-- Dataset excerpts follows --
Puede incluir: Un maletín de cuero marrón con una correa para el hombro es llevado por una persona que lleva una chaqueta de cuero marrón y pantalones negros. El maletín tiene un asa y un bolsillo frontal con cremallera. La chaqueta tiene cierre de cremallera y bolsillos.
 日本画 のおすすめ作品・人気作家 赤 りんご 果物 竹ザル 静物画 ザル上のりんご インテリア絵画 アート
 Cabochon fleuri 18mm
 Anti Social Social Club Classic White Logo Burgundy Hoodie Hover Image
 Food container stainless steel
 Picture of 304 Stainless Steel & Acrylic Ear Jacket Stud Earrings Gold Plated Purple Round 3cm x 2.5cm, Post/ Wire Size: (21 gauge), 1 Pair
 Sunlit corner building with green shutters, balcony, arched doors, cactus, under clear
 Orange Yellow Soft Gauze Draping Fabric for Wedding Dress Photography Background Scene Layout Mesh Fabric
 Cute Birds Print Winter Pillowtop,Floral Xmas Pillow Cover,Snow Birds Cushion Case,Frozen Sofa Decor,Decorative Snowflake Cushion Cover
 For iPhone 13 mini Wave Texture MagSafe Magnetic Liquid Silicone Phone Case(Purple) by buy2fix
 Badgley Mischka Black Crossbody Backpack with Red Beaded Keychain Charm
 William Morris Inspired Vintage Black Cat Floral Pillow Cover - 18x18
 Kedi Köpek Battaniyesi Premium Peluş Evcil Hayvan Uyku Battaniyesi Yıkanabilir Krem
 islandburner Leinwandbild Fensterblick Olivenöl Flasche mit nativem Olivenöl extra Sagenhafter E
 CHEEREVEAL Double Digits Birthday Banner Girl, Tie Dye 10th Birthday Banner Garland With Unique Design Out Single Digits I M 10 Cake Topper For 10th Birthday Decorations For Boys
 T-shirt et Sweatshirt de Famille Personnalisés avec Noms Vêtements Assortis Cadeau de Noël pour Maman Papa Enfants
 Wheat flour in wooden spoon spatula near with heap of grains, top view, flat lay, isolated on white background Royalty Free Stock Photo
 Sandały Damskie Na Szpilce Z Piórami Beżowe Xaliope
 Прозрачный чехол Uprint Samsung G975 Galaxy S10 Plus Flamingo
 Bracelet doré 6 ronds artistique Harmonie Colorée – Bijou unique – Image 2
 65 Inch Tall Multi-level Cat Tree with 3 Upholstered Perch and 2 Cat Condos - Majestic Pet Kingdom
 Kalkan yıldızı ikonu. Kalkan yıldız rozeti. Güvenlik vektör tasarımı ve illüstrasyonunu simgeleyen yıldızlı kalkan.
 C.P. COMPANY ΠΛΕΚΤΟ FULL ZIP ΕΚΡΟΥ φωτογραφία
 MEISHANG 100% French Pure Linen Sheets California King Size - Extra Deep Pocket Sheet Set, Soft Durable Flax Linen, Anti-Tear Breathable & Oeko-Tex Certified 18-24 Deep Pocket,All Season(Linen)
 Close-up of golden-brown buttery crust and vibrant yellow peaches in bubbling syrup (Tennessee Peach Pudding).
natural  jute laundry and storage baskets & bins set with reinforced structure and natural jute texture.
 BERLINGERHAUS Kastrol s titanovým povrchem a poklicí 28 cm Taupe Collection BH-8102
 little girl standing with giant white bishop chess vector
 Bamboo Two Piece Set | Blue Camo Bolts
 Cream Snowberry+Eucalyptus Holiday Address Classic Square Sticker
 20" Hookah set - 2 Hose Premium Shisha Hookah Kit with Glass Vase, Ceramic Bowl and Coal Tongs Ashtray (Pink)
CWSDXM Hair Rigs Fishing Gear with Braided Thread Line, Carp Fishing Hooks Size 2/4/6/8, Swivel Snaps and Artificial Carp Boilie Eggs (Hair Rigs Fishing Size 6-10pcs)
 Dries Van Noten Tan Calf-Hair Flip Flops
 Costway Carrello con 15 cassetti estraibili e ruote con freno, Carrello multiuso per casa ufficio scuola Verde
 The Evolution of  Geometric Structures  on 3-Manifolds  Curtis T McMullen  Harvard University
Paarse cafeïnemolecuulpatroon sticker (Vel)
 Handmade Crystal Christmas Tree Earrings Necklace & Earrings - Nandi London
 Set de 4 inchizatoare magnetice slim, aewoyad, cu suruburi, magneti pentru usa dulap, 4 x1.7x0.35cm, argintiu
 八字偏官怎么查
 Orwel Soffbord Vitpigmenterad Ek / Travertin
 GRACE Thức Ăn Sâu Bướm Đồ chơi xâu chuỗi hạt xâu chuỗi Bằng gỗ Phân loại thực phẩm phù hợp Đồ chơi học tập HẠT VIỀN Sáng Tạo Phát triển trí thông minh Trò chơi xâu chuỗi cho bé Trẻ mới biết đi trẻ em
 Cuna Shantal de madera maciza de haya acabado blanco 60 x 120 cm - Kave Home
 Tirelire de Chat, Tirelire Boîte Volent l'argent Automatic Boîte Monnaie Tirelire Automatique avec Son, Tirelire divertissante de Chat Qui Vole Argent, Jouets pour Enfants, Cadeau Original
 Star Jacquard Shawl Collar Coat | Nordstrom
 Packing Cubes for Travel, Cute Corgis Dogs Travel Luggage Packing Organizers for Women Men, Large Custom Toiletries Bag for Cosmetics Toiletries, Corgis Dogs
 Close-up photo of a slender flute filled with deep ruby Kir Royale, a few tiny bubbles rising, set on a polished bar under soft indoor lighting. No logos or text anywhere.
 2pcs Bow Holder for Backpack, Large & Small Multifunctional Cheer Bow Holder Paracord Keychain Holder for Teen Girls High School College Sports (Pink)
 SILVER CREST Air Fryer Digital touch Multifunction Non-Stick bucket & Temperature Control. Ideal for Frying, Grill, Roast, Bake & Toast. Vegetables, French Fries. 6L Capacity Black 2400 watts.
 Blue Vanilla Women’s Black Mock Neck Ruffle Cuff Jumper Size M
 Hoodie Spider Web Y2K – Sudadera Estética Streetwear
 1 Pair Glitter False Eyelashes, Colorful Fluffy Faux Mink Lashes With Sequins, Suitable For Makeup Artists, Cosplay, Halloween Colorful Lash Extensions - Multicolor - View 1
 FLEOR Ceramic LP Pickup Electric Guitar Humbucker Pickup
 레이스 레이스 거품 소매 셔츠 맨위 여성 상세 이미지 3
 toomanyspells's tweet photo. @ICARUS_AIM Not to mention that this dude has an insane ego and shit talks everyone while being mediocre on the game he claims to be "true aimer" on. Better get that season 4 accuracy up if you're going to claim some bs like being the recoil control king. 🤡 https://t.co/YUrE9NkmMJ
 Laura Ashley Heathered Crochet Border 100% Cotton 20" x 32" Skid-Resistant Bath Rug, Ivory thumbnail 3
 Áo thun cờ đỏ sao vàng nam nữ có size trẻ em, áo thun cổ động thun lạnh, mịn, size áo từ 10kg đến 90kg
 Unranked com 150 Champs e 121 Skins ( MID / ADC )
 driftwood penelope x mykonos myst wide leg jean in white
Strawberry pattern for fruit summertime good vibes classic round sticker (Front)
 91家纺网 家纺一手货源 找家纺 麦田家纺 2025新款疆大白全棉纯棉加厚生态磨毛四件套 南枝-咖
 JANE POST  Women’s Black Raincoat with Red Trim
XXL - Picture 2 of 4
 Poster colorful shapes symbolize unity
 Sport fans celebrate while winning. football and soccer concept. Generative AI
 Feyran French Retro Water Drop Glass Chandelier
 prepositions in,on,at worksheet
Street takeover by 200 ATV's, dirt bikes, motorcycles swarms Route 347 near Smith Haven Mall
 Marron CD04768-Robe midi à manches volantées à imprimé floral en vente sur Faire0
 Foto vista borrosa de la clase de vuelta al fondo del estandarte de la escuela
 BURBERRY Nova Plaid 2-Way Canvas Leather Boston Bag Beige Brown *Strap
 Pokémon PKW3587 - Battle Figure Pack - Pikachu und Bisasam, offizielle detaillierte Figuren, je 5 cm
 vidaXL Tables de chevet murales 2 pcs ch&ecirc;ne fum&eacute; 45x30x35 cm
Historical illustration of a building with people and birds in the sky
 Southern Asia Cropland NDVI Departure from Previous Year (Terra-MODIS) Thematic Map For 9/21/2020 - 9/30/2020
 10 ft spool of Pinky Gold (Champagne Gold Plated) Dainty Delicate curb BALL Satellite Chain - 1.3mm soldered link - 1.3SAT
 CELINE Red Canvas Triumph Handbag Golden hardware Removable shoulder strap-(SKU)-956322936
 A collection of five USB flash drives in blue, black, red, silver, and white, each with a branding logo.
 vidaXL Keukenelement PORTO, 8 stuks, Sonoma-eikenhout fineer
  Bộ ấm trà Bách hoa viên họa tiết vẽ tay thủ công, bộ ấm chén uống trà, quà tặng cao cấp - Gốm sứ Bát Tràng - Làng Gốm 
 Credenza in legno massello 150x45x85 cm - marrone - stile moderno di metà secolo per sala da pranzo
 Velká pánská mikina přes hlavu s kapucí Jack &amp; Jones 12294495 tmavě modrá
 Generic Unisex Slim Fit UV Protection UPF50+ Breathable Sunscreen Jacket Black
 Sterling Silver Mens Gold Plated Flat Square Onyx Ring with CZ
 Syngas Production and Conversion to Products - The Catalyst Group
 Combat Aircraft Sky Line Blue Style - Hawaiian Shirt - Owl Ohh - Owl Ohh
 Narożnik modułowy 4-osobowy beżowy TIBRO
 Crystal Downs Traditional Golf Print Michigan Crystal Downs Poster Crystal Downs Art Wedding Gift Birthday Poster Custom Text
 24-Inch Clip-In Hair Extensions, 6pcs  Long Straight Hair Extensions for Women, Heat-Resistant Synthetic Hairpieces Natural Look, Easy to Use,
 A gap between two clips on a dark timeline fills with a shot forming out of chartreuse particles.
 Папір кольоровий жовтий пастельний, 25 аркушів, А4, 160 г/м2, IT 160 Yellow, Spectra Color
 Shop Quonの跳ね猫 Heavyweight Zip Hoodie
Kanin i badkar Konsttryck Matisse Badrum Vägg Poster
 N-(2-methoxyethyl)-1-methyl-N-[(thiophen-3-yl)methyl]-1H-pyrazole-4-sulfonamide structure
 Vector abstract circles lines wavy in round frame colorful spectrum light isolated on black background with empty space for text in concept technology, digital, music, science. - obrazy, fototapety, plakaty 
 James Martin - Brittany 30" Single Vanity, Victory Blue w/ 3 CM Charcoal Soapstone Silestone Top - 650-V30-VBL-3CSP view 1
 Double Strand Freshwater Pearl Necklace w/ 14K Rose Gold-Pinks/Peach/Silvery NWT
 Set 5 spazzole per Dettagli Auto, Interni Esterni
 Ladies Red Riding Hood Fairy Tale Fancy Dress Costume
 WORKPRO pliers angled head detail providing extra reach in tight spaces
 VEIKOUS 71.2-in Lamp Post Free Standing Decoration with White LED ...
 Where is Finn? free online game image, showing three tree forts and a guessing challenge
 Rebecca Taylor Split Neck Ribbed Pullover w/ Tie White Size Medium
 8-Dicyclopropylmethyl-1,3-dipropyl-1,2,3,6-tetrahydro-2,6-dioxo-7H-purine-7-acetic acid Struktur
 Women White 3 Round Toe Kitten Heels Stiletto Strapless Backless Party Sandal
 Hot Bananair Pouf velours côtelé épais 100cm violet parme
-- Dataset excerpts concluded --
• [Work task] If a line in the material above contains the word "Case", copy it.

• [Task solution]
 Cute Birds Print Winter Pillowtop,Floral Xmas Pillow Cover,Snow Birds Cushion Case,Frozen Sofa Decor,Decorative Snowflake Cushion Cover
 For iPhone 13 mini Wave Texture MagSafe Magnetic Liquid Silicone Phone Case(Purple) by buy2fix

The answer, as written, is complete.